Action item =
Retype each record below word for word, pictures excluded.

Source records =

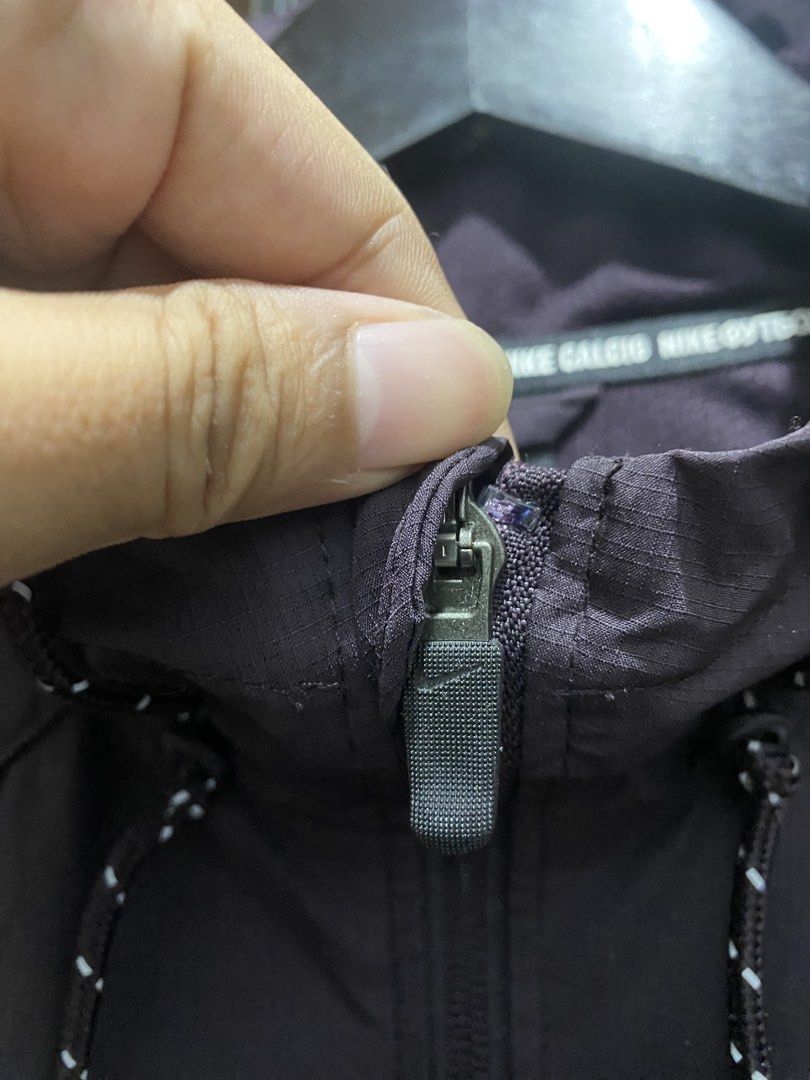 Nike windbreaker (Category: Hoodies) located in Manila. Submitted by vizcarrach03925 (Listing ID 1464714153, Image 3). Description: .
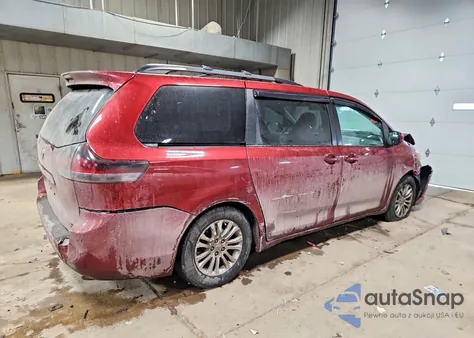 2013 Toyota Sienna Xle z USA, uszkodzony, nr VIN 5TDYK3DC3DS308219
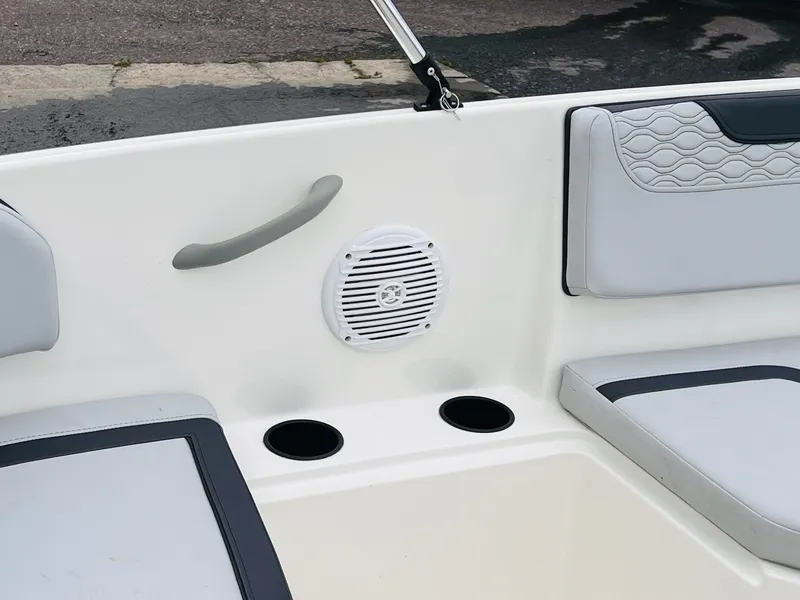 Slide: The Image of Bayliner Element M15 2023 - 5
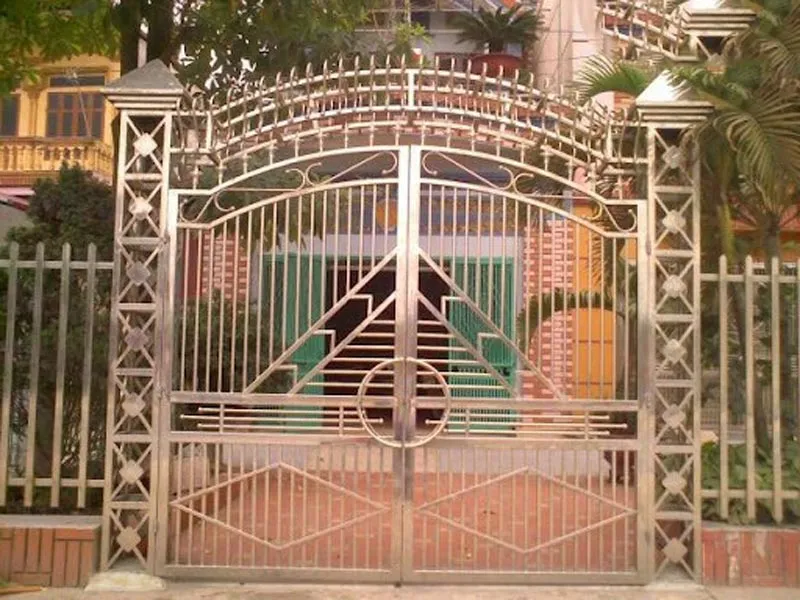 Mẫu trụ cổng inox đơn giản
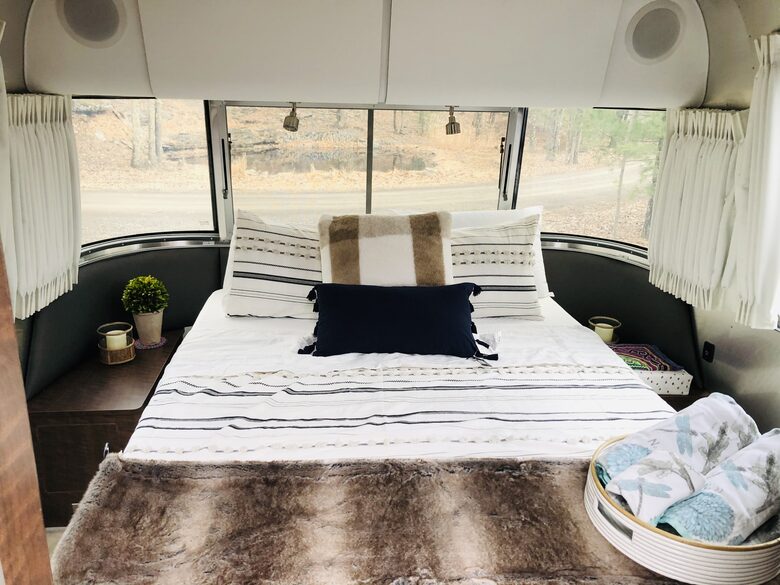 Easter's First Blooms at the Estate and Late April Exclusive Tulip Extravaganza - Woodstock, New York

Task response =
 Nike windbreaker (Category: Hoodies) located in Manila. Submitted by vizcarrach03925 (Listing ID 1464714153, Image 3). Description: .
 2013 Toyota Sienna Xle z USA, uszkodzony, nr VIN 5TDYK3DC3DS308219
 Slide: The Image of Bayliner Element M15 2023 - 5
 Mẫu trụ cổng inox đơn giản
 Easter's First Blooms at the Estate and Late April Exclusive Tulip Extravaganza - Woodstock, New York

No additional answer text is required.